>>>
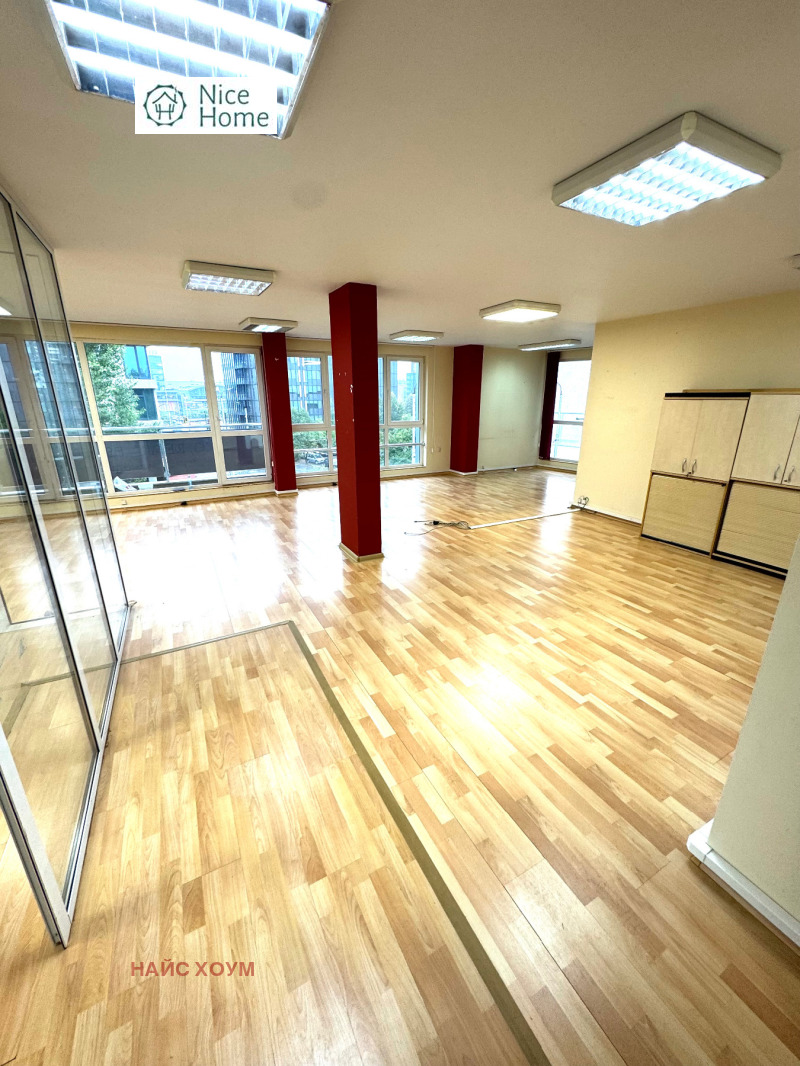 A louer  Bureau Sofia , Mladost 1 , 99 m² | 88471312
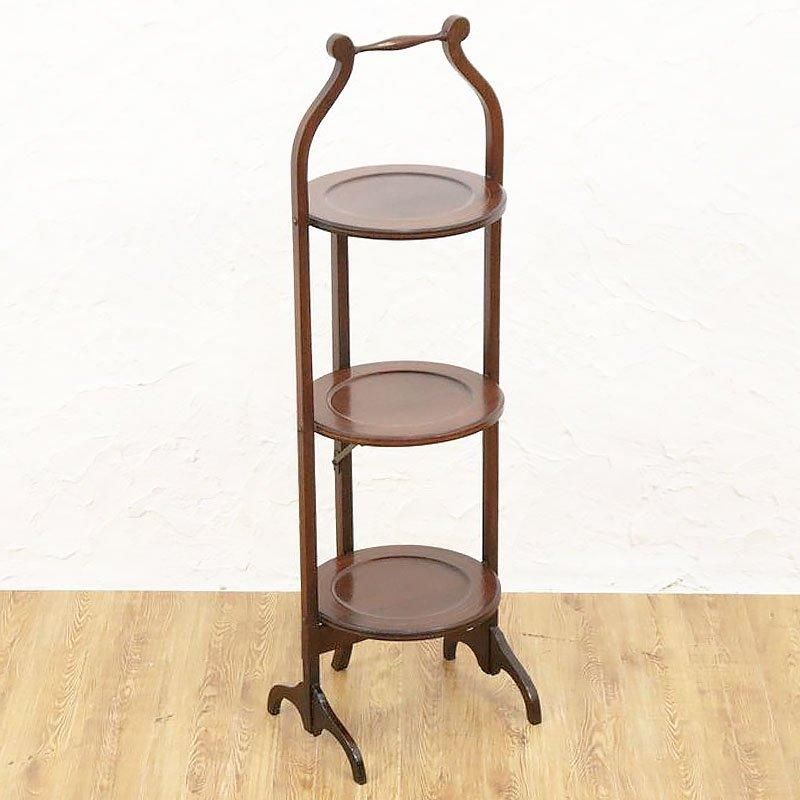 ケーキスタンド｜英国アフタヌーンティーに欠かせないスリー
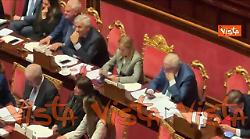 Meloni in Aula al Senato legge un biglietto, poi lo piega in due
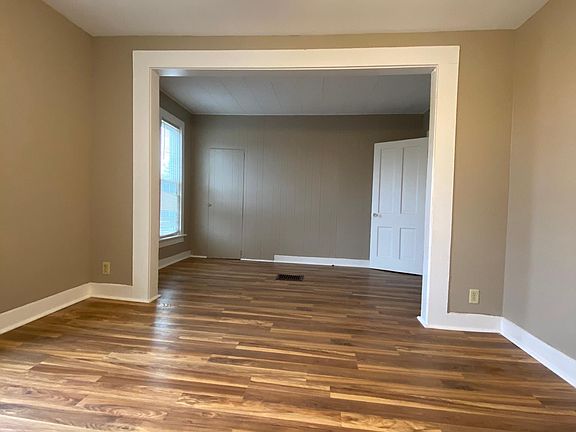 5th image of 411 N 2nd St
<<<
What you should do: Without the pictures, write out the entire listing exactly.

Solution to this exercise:
 A louer  Bureau Sofia , Mladost 1 , 99 m² | 88471312
 ケーキスタンド｜英国アフタヌーンティーに欠かせないスリー
 Meloni in Aula al Senato legge un biglietto, poi lo piega in due
 5th image of 411 N 2nd St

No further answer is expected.